**Task description:**
Please restate word for word each line from the one containing "Bouquet lumber song bird" to the last line of the records below, and drop the pictures.

----

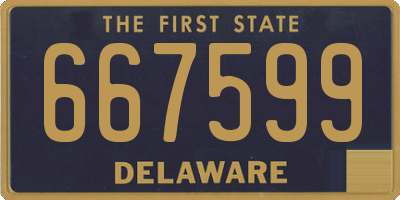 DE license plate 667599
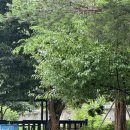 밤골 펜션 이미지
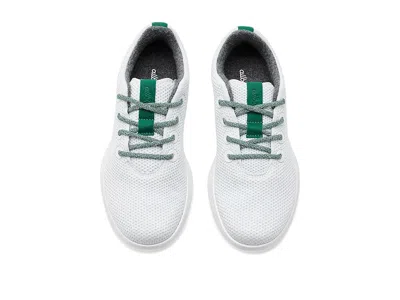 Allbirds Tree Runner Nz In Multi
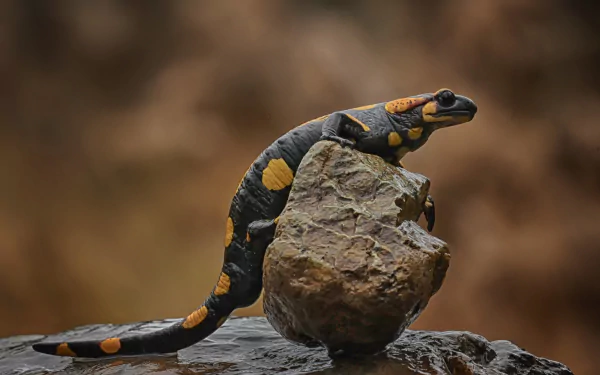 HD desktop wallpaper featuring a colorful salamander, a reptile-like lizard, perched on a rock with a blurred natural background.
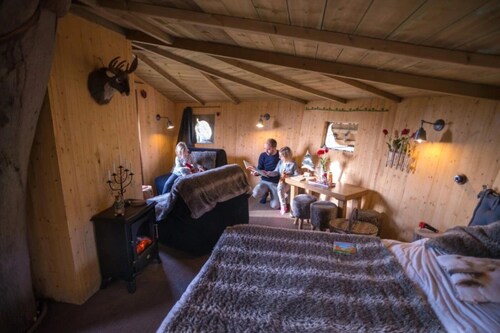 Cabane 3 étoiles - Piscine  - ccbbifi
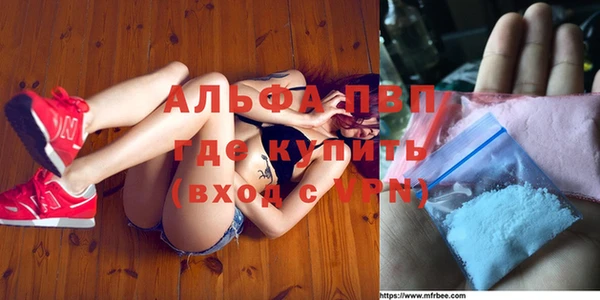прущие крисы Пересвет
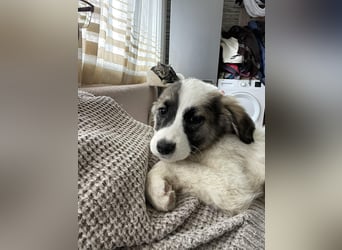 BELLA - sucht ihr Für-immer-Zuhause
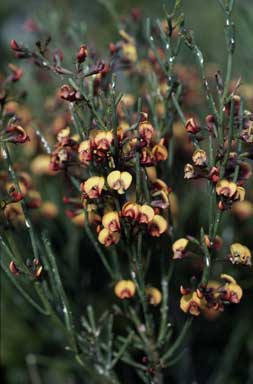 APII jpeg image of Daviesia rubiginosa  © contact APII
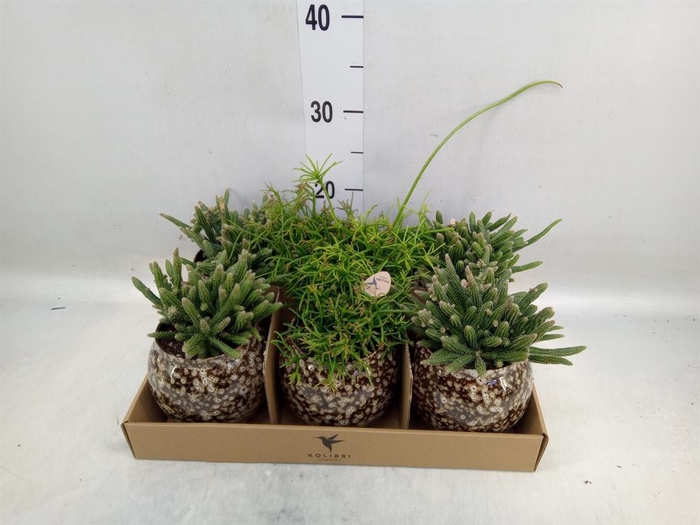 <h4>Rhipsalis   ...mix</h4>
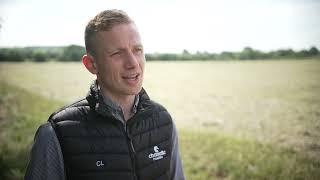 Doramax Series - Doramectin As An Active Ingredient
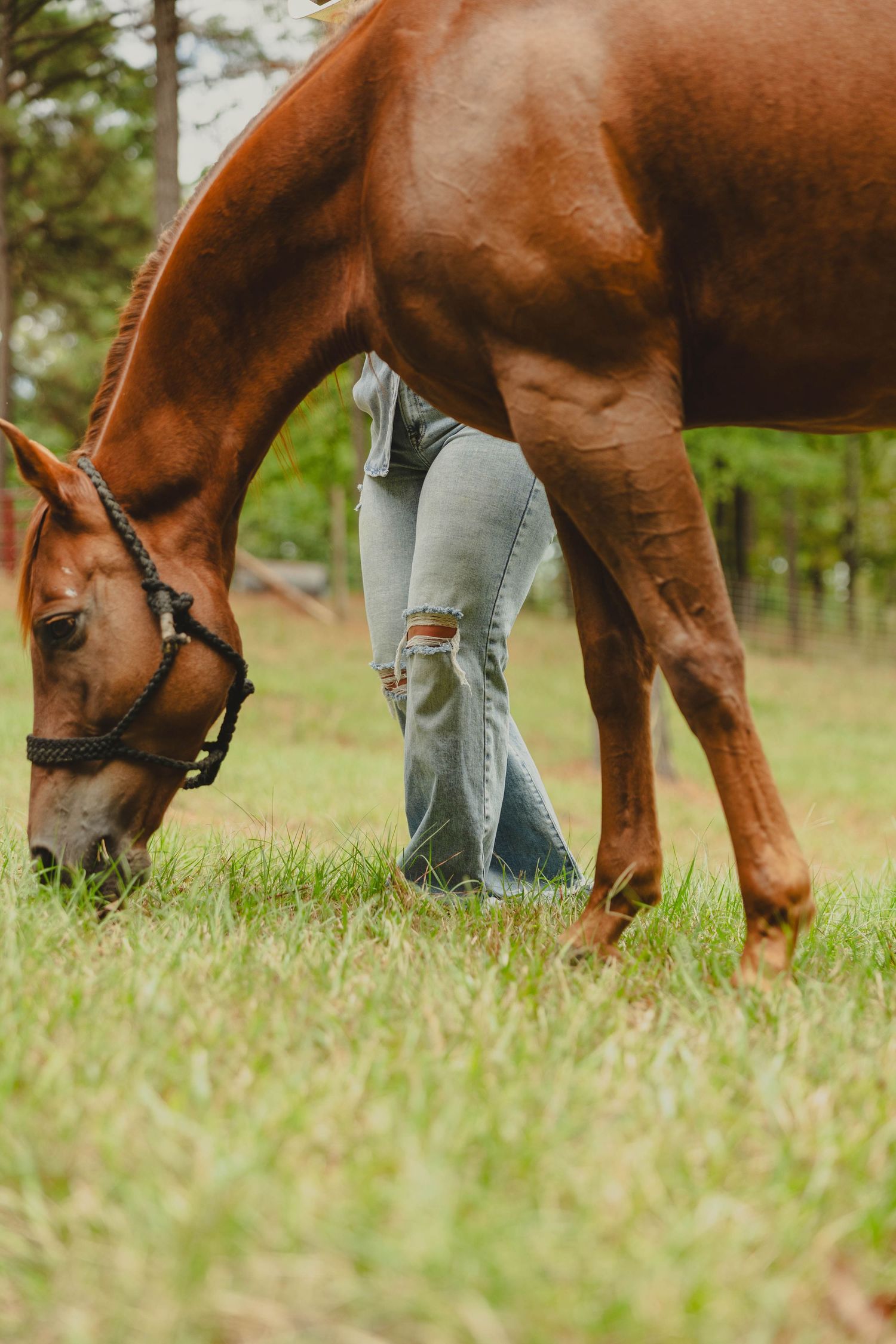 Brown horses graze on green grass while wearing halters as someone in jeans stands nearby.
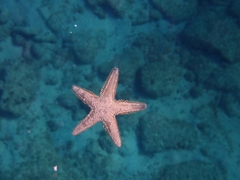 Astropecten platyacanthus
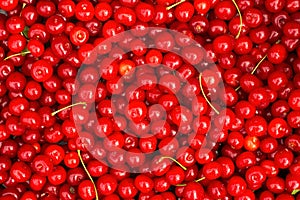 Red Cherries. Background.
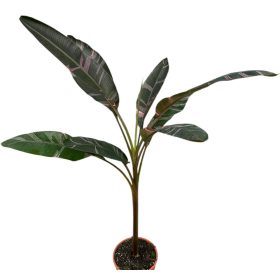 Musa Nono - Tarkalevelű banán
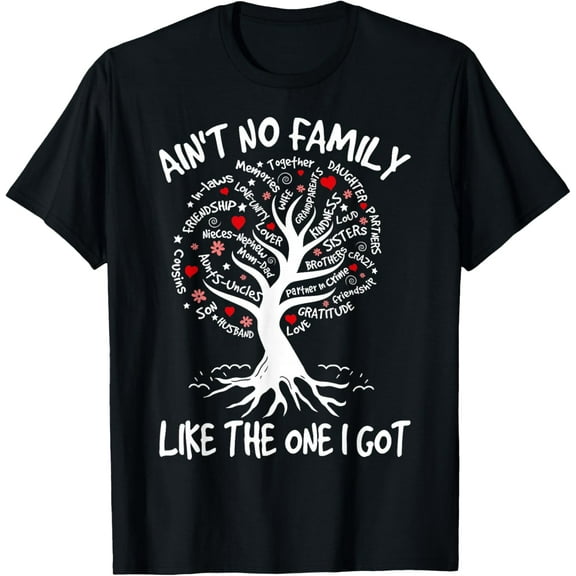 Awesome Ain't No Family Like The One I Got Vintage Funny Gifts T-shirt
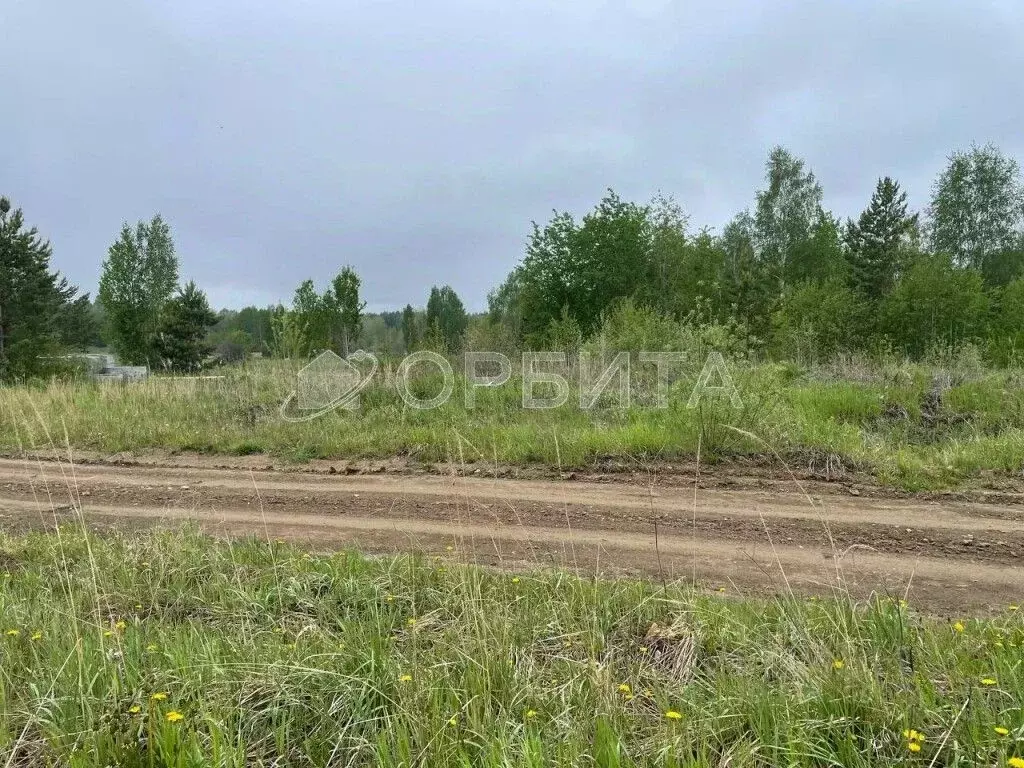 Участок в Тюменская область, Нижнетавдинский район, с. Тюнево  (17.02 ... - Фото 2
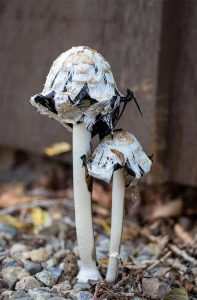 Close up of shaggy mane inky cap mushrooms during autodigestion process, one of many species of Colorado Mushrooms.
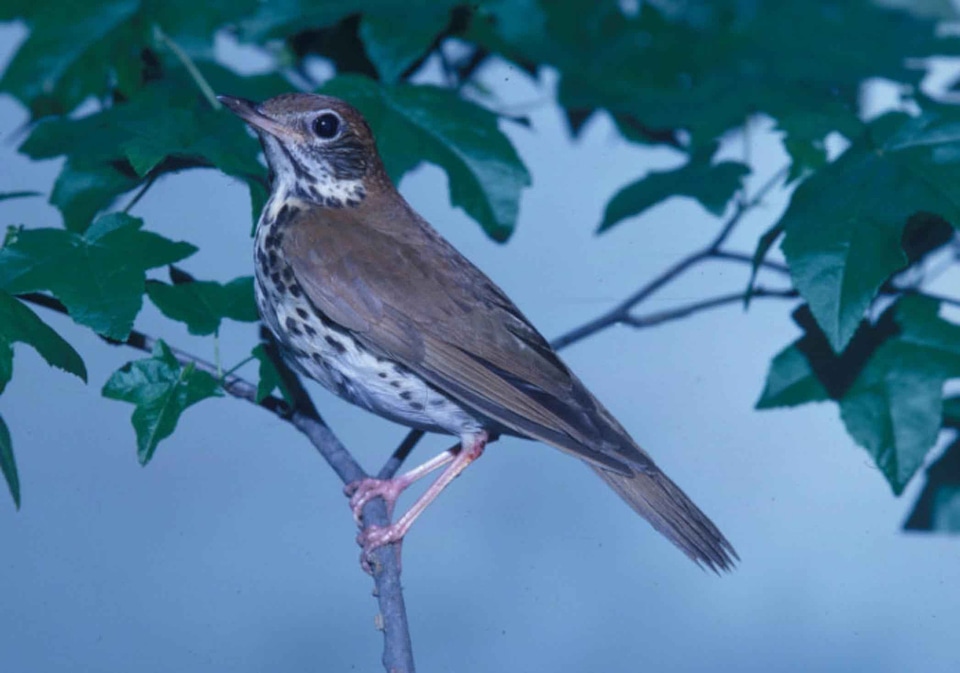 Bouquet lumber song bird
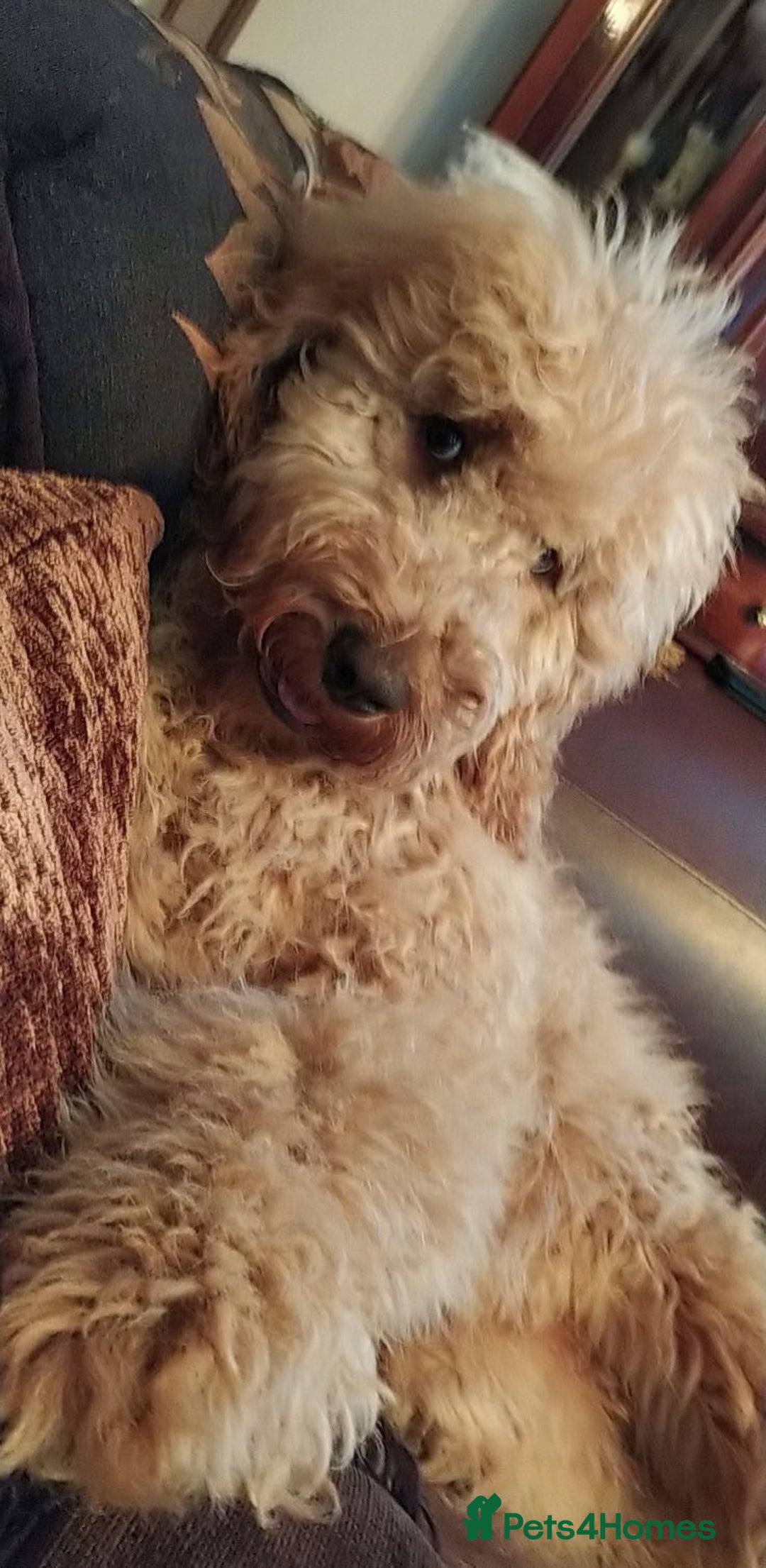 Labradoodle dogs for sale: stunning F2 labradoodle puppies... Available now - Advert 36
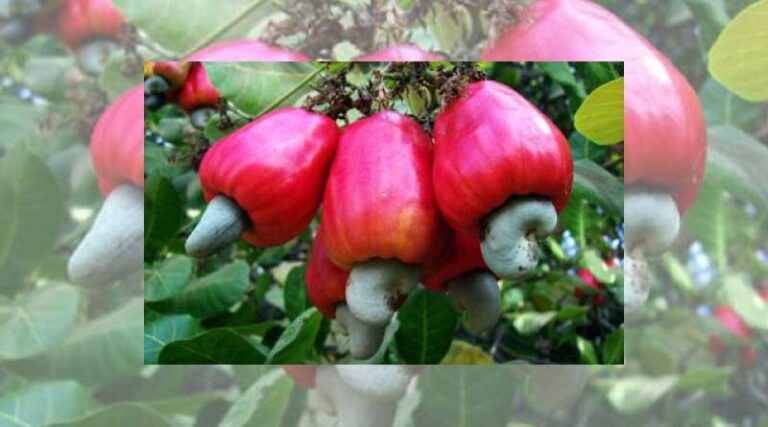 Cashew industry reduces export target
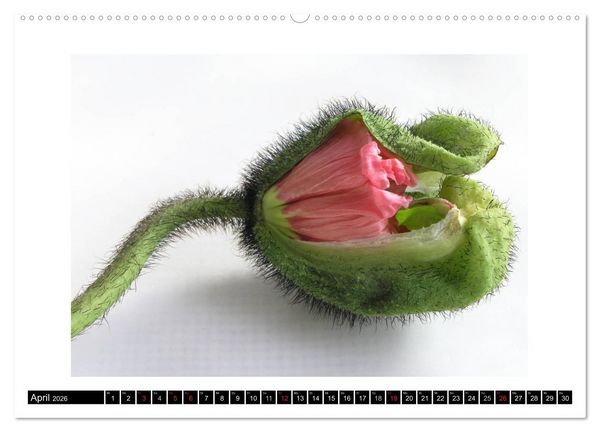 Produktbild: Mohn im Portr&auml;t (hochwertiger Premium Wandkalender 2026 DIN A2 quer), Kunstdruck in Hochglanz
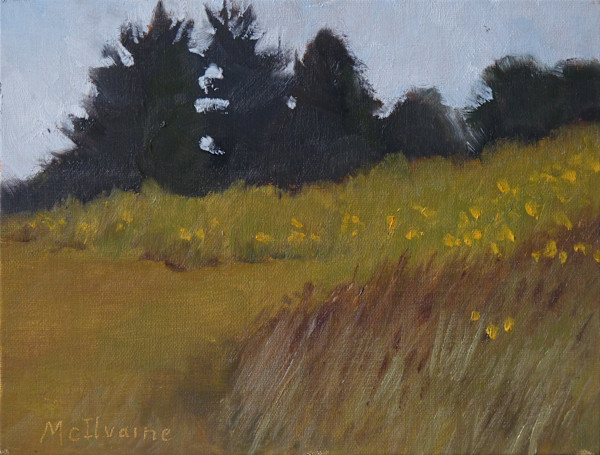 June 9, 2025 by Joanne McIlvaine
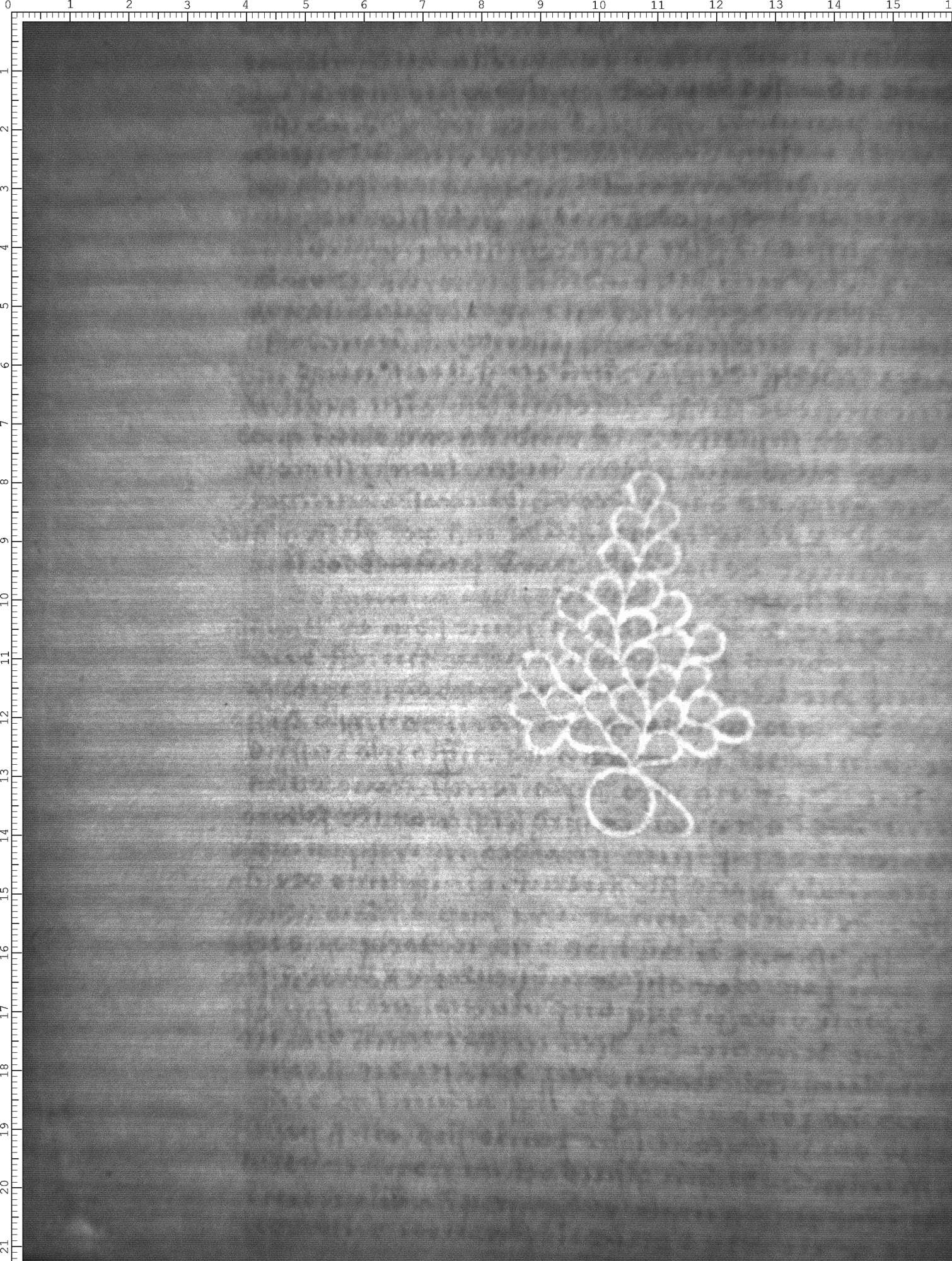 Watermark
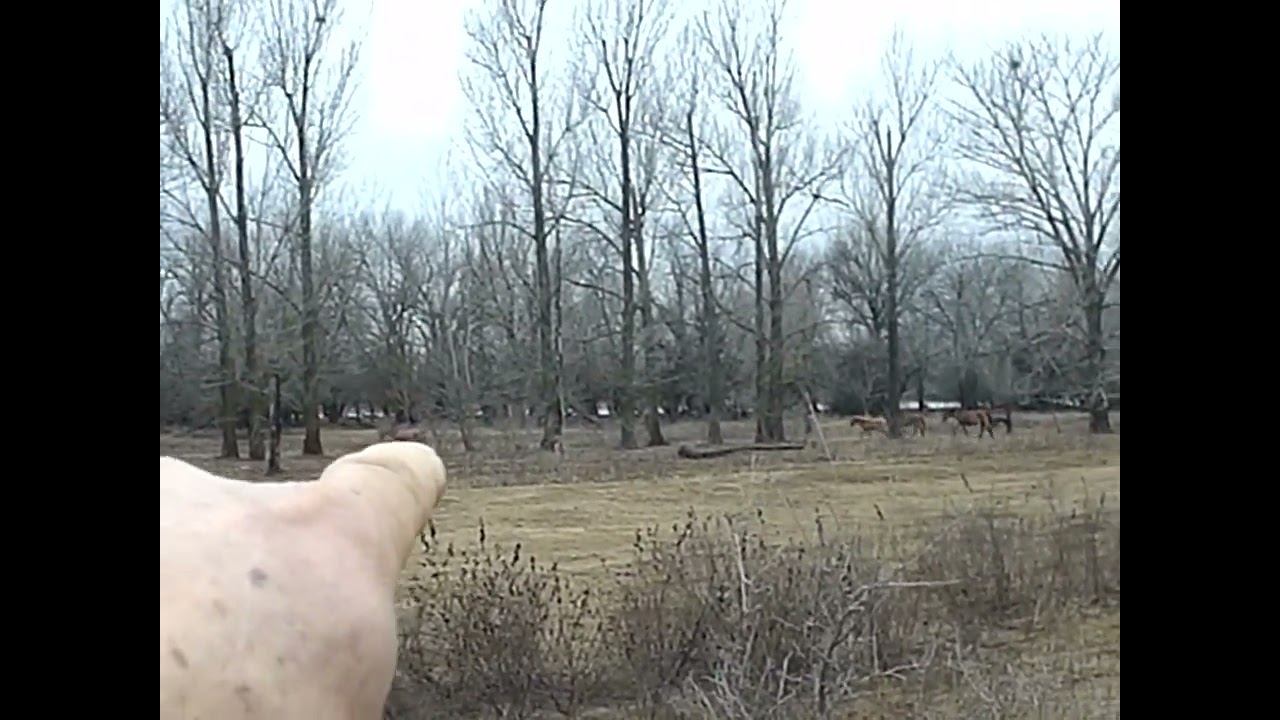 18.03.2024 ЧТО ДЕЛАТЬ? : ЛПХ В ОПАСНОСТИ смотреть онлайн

----

**Exercise result:**
 Bouquet lumber song bird
 Labradoodle dogs for sale: stunning F2 labradoodle puppies... Available now - Advert 36
 Cashew industry reduces export target
 Produktbild: Mohn im Portr&auml;t (hochwertiger Premium Wandkalender 2026 DIN A2 quer), Kunstdruck in Hochglanz
 June 9, 2025 by Joanne McIlvaine
 Watermark
 18.03.2024 ЧТО ДЕЛАТЬ? : ЛПХ В ОПАСНОСТИ смотреть онлайн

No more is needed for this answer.